Creative Writing taught by Authors!
As some of you know, last winter I had the great pleasure of working at Still North Books & Bar, the independent bookstore, bar, and café owned by a Dartmouth '11! If you haven't visited yet, please do! Imagine the coziest, most wonderful, most cheerful place in town. That's Still North, in my humble opinion.
One of my favorite parts of that job was getting to be constantly surrounded by books. As I shelved shiny new hardcovers and beloved classics according to customer tastes, I recognized some familiar names. That's right: some of the bestsellers on Still North's shelves were written by Dartmouth professors.
As a writer / reader / person, getting to take classes from these talented individuals is an i-n-c-r-e-d-i-b-l-e opportunity!
It was absolutely surreal when one of the authors would walk into the store. Customers whispered about them excitedly and some brave souls asked for signed copies. But not only did I get to gift-wrap these author's books in Still North's ridiculously beautiful twine and flowers – I got to take their classes!
I recommend you visit the page for Dartmouth's Department of English and Creative Writing. I think you'll see some familiar names! At Still North alone, you can find:
The Sobbing School by Professor Joshua Bennett;
The Repeating Body: Slavery's Visual Resonance in the Contemporary by Professor Kimberly Juanita Brown;
Reading Lessons in Seeing: Mirrors, Masks, and Mazes in the Autobiographical Graphic Novel by Professor Michael Chaney;
Edinburgh and The Queen of the Night by Professor Alexander Chee;
Yankee Come Home: On the Road from Guantanamo to San Juan Hill by Professor William Craig;
Girls in Trucks by Professor Katherine Crouch;
Death and the Mother from Dickens to Freud and Skeptical Feminism: Activist Theory, Activist Practice by Professor Carolyn Dever;
Moonbit and Modernity and Autobiography in Nineteenth-Century America by Professor James Dobson;
Neighboring Text: Chaucer, Boccaccio, Henryson by Professor George Edmondson;
Logic of the Digital by Professor Aden Evens;
Forest Primeval; Horse in the Dark; and Blue-tail Fly by Professor Vievee Francis
The Marketplace of Print: Pamphlets and the Public Sphere in Early Modern England by Professor Alexandra Halasz;
The Salt House: A Summer on the Dunes of Cape Cod and others by Professor Cynthia Huntington;
Single Imperfection: Milton, Marriage, and Friendship by Professor Thomas Luxon;
Popular Literature, Authorship and the Occult in Late Victorian Britain and others by Professor Andrew McCann;
Reading Constellations: Urban Modernity in Victorian Fiction and others by Professor Patricia McKee;
This Magnificent Desolation; In the Province of Saints and others by Professor Thomas O'Malley;
Esther Stories; Maggie Brown & Others: Stories; The Second Coming of Mavala Shikongo and others by Professor Peter Orner;
Theodor Geisel: A Portrait of the Man Who Became Dr. Seuss and The New American Exceptionalism by Professor Donald E. Pease;
The Family and This Brilliant Darkness: A Book of Strangers by Professor Jeffrey Sharlet;
Beyond Consolation by Professor Melissa Zeiger;
Unlikely Collaboration: Gertrude Stein, Bernard Faÿ, and the Vichy Dilemma and others by Professor Barbara Will;
Maryam: Keeper of Stories and others translated Professor Nirvana Tanoukhi.

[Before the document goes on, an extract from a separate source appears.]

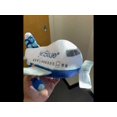 thumbnail image 2 of Avión de peluche Daron Jetblue con licencia oficial con sonido, 2 of 6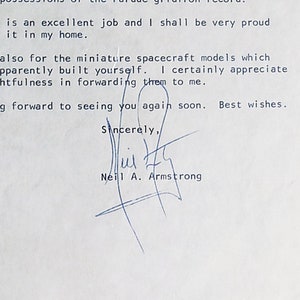 1970 Neil Armstrong Firma en membrete de la NASA / Condición de menta / tinta azul / celebridad / Astronauta / efímera / recuerdos imagen 1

And more, of course! Still, that is not to say one must be an author to teach stupendous courses—not in the least! A glance into Sanborn hall affords the sight of renowned scholars, distinguished researchers, talented lectures, and beloved professors. They've written books, articles, research papers, and essays galore, their writing featured in a bevy of publications. You'd be lucky to learn from any one of them!
Even if you don't plan to major in English, I sincerely suggest you find classes by professors whose work interests you when fulfilling your Literature distributive requirement and First-Year Seminar. There's a reason students flock on sunny and snowy days alike to Sanborn hall – it's a hidden treasure on campus, a little haven of bygone days (by which I mean the stairs are delightfully creaky and most of the books are older than us), and appropriate headquarters for Dartmouth's renowned English Department.